Now when they had departed, behold, an angel of the Lord appeared to Joseph in a dream and said, “Rise, take the child and his mother, and flee to Egypt, and remain there until I tell you, for Herod is about to search for the child, to destroy him.” And he rose and took the child and his mother by night and departed to Egypt and remained there until the death of Herod. This was to fulfill what the Lord had spoken by the prophet, “Out of Egypt I called my son.”
Then Herod, when he saw that he had been tricked by the wise men, became furious, and he sent and killed all the male children in Bethlehem and in all that region who were two years old or under, according to the time that he had ascertained from the wise men. Then was fulfilled what was spoken by the prophet Jeremiah “A voice was heard in Ramah,
weeping and loud lamentation,
Rachel weeping for her children;
she refused to be comforted, because they are no more.
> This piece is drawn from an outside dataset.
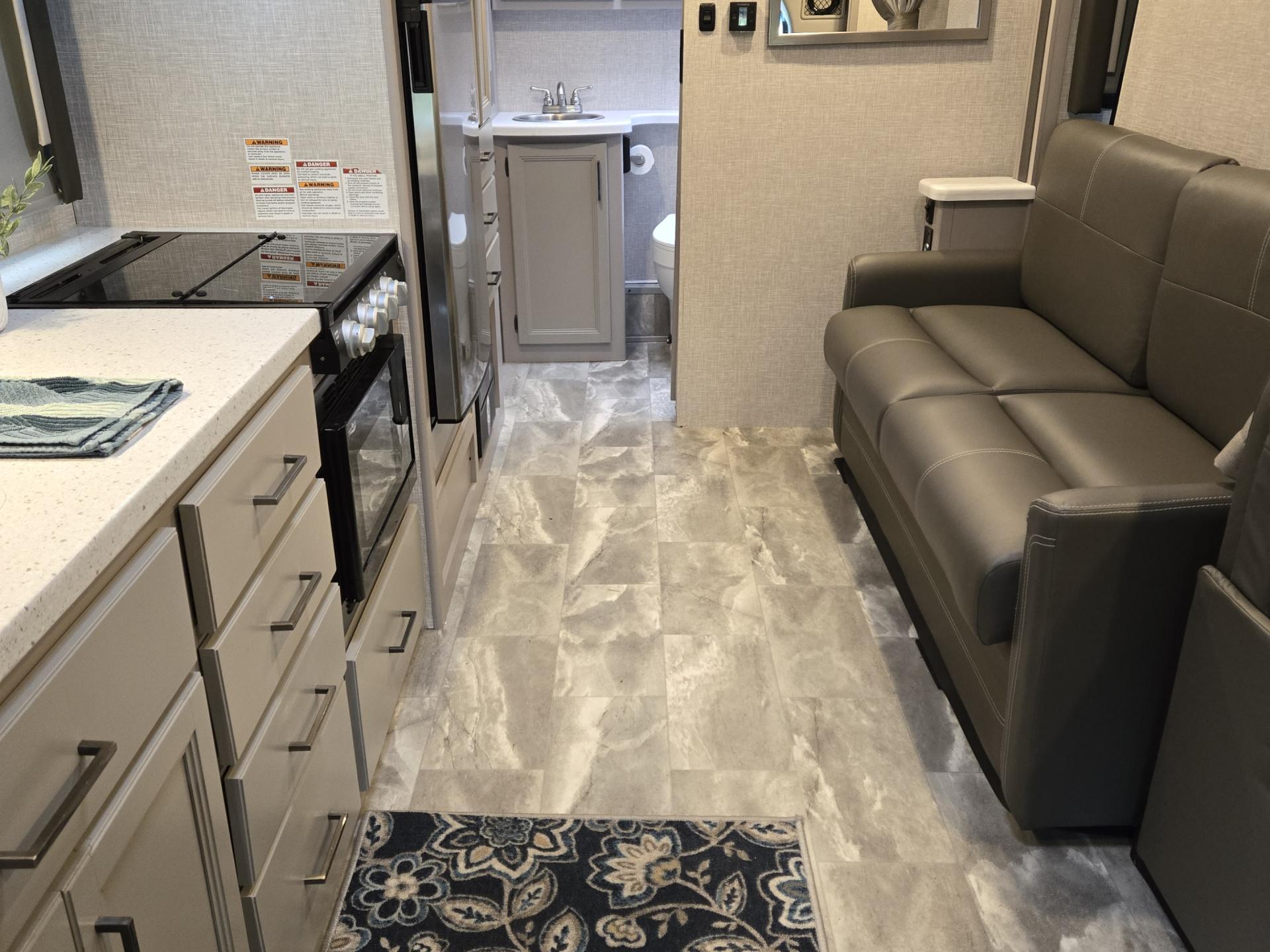 2023 THOR MOTOR COACH QUANTUM MB24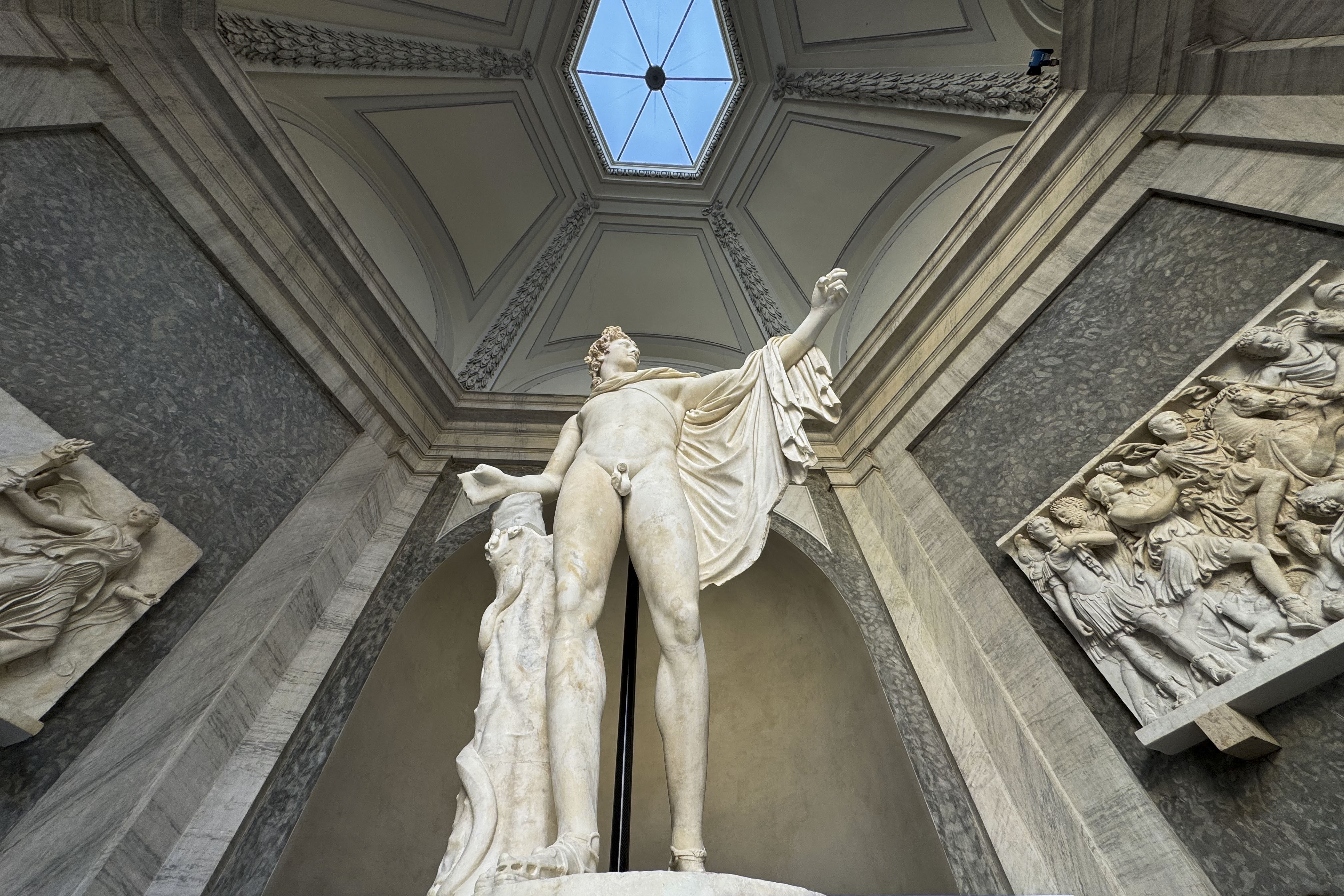 ¿Es normal sentirse atraído por estatuas o esculturas? Conozca la ‘agalmatofilia’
When Israel was a child, I loved him,
and out of Egypt I called my son.
Comment: King Herod was nasty but not intellectually stupid. He deduced from his conversation with the Wise Men roughly when the ‘King of the Jews’ whom they mentioned was born. Presumably he deduced the date from when the Star first appeared to the Wise Men. Knowing from the Scripture-knowing Priests in Jerusalem where Jesus was born, he devised his fail-proof plan to solve the problem of his losing the royal lineage. I’m not at all surprised that God knew Herod’s thinking and had Joseph whisk his wife and adopted son across the nearest border into Egypt. I feel terribly sorry for the families who lost their sons and no doubt some if not all of us wonder why God let that happen. I wish to make three points. i) sinful actions have consequences which God usually doesn’t erase. Herod’s action was a major sin! ii) A prophecy concerning Egypt was fulfilled. The initial context in Hosea suggests that the son mentioned there was Israel and the exodus, but Matthew clearly saw it as having a Messianic meaning as well! iii) There are two towns of Ramah in Israel. Bethlehem is relatively near one of them but certainly not in it. But Rachel, the favourite wife of Abraham, was buried in the Ramah area near Bethlehem. I suggest that quoting the Jeremiah prophecy Matthew is envisaging Rachel, as the highly honoured wife of Abraham, representing ‘all’ Israeli mothers weeping and particularly those from Bethlehem because of the slaughter of so many caused by Herod’s action, a reaction to the coming of the Messiah who bears the Title KING OF KINGS!
Prayer: Keep me from acting nasty spiteful deeds, please Father.
Thank you Barry for the comments on this passage. I too have often wondered why God did not stop King Herod from killing all those innocent babies, and causing such grief for all those families. So thank you for those three reasons, which make complete sense to me. God did not intervene, and this is often what He doesn’t do. When John the Baptist was put in prison for rebuking King Herod for taking his brother Philip’s wife for himself, God did not intervene and save John the Baptist from having his head cut off. I believe from reading the Scriptures that even he, that is John the Baptist, sent a message to Jesus inquiring was He the Messiah, because John was mystified at being put in prison when God had ordained him to be “the voice of one crying in the wilderness, ‘Prepare the Way of the Lord, make His paths straight.” As Isaiah 55:8-9 says, ‘For my thoughts are not your thoughts, neither are your ways my ways. As the heavens are higher than the earth, so are my ways higher than your ways and my thoughts than your thoughts.’ God bless you.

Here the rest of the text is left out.